Some progress was made yesterday in that not only was the death certificate issued, but also the Hungarian isolation permission for little Zorbee to stay at the stables at Fonix Park near Mateszalka in Hungary.

So today I was hoping that once the EU documents had been completed, emailed to the Hungarian border vet service at Zahony, checked and OKed, I would be able to set off for Hungary with the horse.
But this is Ukraine, where nothing is ever straightforward as I discovered once again after waiting around for a couple of hours this morning. Firstly I was told that vets in Ukraine (or certainly not this part of Ukraine) do not work at the weekend for religious reasons. And secondly, although I was originally given 10 days to get the horses out of Ukraine and had to apply for an extension on medical grounds, apparently I now cannot leave here for Hungary without some sort of official permission. This cannot be sorted out until Monday. And of course I only have ten days from the issue of the medical results which I think was last Tuesday (but not sure!) to get the horse from Ukraine to Hungary.

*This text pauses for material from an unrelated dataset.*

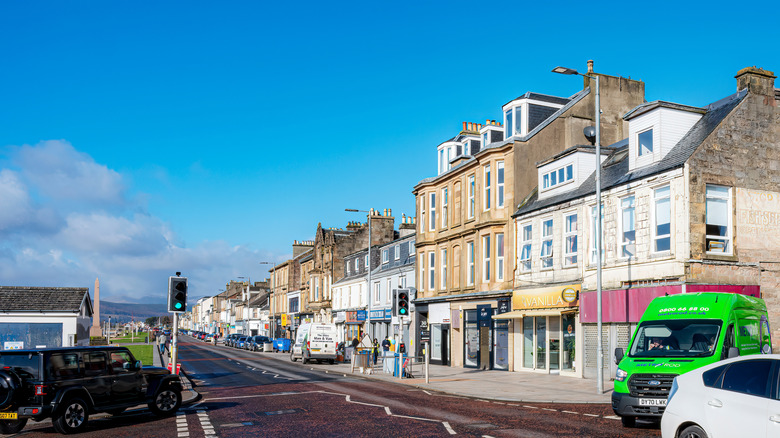 A row of buildings on Clyde Street by the promenade in Helensburgh on a sunny day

So I must continue to kick my heels here. At least I have a very comfortable suite which even includes a jacuzzi, not that I intend making use of it! The room temperature was so tropical when I arrived that my butter melted and I had a restless first night's sleep, but I have now turned off the radiators and it is just beautifully cosy. I expect I will spend the weekend in my pad reading and drinking wine to drown my sorrows. I will probably give telly a miss as it is mainly limited to pop channels sporting scantily clad Ukrainian beauties writhing in hay barns and the like.

I would like to include a few photos, but in typical style I have forgotten the lead to download them from my camera.

Wednesday, 15 February 2012

Another Tragedy

If I have gone very quiet for the last few weeks, it is because I have been madly concentrating on negotiations to get the horses into the EU. Last weekend they fulfilled the 90 day requirement for importation rather than temporary entry, so it was decided to go for that.  Dr Halasz of the Hungarian border vet service at Zahony has been indispensable in identifying all the necessary documentation, and I have been frantically emailing the wonderful Natalia in Kiev to keep abreast of progress in the Ukraine. The horses had a series of veterinary tests over Christmas (all clear) and another set last week, giving me a week's grace to transport them into Hungary. So everything seemed positive.

On Sunday I set out to drive to Zahony, arriving late Tuesday evening - as the snow was whirling outside the windscreen for much of the way and the heating in the lorry is not working, my feet were like blocks of ice and I had to stop regularly at service stations to defrost.
I was expecting to spend today in the border vet offices double-checking requirements for both horses.
But this morning I received the tragic news that Bolashak (whose passport name is Sunkar) had unexpectedly died due to a freak accident. Apparently a couple of days ago he slipped and fell on ice, knocking himself out on the edge of a well. He received immediate veterinary treatment, and the vet thought he was recovering satisfactorily, but last night he was found dead in his stable. Another heartbreaking tragedy as he was a lovely easygoing horse who was proving increasingly perfect for the job in hand - a comfortable ride who was good to shoe, load, handle, tether, and in traffic. He will be difficult to replace but replace him I must.
I am plodding on with arrangements for little Zorbee, and intend to travel into Ukraine tomorrow with copies of EU approved Health certificates for the Ukrainian vet to fill in and sign. If little Zorbee crosses successfully into Hungary, then he heads straight for a 30 day isolation period that I have organised at a nearby stables.